L’Évangélisme fictionnel : les livres rabelaisiens, le Cymbalum Mundi, L’Heptaméron (1532-1552)

par Nicolas Le Cadet

Thèse de doctorat en Lettres et arts

Sous la direction de Michèle Clément.

Soutenue le 11-09-2009

à Lyon 2 , dans le cadre de École doctorale Lettres, langues, linguistique et arts (Lyon) , en partenariat avec Groupe Renaissance (Lyon) (laboratoire) .

Le président du jury était Mireille Huchon.

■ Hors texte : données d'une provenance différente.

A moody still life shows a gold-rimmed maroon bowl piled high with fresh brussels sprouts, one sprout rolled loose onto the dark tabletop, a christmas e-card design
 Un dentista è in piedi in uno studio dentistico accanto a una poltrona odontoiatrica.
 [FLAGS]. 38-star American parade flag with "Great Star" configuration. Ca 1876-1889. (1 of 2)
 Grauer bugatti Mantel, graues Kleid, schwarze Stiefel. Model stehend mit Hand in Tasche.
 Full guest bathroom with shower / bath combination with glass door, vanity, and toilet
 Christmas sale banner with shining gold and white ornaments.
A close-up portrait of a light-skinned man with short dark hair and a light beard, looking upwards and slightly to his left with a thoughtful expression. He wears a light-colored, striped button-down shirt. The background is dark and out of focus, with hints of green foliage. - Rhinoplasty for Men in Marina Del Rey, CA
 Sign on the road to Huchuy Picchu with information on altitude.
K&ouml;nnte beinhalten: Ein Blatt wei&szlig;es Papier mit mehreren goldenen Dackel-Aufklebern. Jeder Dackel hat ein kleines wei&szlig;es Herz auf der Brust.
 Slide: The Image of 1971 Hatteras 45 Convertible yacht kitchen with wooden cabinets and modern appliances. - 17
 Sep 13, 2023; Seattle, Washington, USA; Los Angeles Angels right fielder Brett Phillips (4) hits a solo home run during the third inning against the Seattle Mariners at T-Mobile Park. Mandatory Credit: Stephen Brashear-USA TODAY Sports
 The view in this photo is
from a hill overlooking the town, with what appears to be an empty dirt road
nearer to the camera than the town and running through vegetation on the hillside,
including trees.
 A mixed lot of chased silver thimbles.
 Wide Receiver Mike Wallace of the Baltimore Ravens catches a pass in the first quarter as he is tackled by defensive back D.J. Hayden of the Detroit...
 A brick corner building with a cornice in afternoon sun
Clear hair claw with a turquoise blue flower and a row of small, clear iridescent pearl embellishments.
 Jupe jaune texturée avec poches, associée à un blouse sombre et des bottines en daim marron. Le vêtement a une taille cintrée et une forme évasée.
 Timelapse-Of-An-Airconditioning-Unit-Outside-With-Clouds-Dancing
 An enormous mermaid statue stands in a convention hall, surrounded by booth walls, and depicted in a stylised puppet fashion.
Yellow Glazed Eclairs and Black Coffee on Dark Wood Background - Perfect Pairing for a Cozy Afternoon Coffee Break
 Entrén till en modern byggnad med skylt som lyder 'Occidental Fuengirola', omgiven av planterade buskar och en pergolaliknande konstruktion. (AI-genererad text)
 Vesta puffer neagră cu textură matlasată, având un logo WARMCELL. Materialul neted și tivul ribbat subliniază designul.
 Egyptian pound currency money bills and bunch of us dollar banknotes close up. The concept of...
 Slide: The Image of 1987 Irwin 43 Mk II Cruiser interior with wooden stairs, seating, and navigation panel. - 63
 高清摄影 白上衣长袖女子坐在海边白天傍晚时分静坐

Le jury était composé de Jean-Claude Arnould, Isabelle Garnier-Mathez, André Tournon.


  • Résumé

    Les études consacrées à l’évangélisme français ont pris essentiellement trois directions. La première approche est scripturaire et consiste à isoler un certain nombre de citations ou de paraphrases bibliques chez tel ou tel auteur, afin de déterminer la substance d’une « doctrine » située dans un entre-deux confessionnel, loin de Rome comme de Genève (cf M. A. Screech). La seconde approche, historique et thématique, se propose d’observer en diachronie la spiritualité évangélique à partir d’un thème fondamental comme celui de la mort (cf C. Blum). La troisième approche, sémantique et stylistique, entend mettre au jour une « écriture concertée », un « idéolecte » évangélique (cf I. Garnier-Mathez). Toutes ces approches se sont montrées productives, mais elles n’envisagent pas la spécificité des différents types d’imprimés évangéliques, et tout particulièrement le « trouble » que peut créer la médiation fictionnelle dans la présentation de ces idées et de ce langage partagés. Nous voudrions montrer que l’évangélisme se dévoile aussi à travers une utilisation de la fiction qui lui est propre. Les trois mondes fictionnels que sont les Livres rabelaisiens, le Cymbalum Mundi et L’Heptaméron nous permettront de dégager les traits caractéristiques d’un « évangélisme fictionnel ». Par delà leurs différences parfois très nettes, ces œuvres mettent en place certaines procédures fictionnelles communes, qui sont le fruit d’une même spiritualité évangélique, et qui les distinguent à la fois des productions dites « religieuses » de ce courant spirituel, mais aussi des œuvres de fiction non évangéliques de l’époque.

  • Titre traduit

    Fictional Evangelism : the rabelaisian books, the Cymbalum Mundi, the Heptameron (1532-1552)


  • Résumé

    Studies dedicated to French evangelism have essentially taken three directions. The first approach is scriptural and consists in isolating a certain number of biblical quotations or paraphrases from an author, in order to determine the substance of a “doctrine” situated half-way between the denominations, as far from Rome as from Geneva (cf M. A. Screech). The second approach, both historical and thematic, plans to observe the evangelical spirituality diachronically through a fundamental subject such as death (cf Blum). The third approach, semantic and stylistic, intends to bring to light a “concerted writing”, an evangelical “idéolecte” (cf I. Garnier-Mathez). All three approaches have shown to be productive, but they do not take into account the specificity of the different kinds of evangelical printed books, and in particular the “confusion” that fictional mediation can create when displaying these shared ideas and language. The aim of this thesis is to show that evangelism can also be revealed through a specific use of fiction. Three fictional worlds, the Rabelaisian Books, the Cymbalum Mundi and the Heptameron, will be studied so as to define the characteristic features of a “fictional evangelism”. Beyond their sometimes very clear differences, these works set up certain common fictional procedures, originating from the same evangelical spirituality, and distinguishing them at the same time from the so-called “religious” productions of this spiritual current, but also from contemporary non-evangelical works of fiction.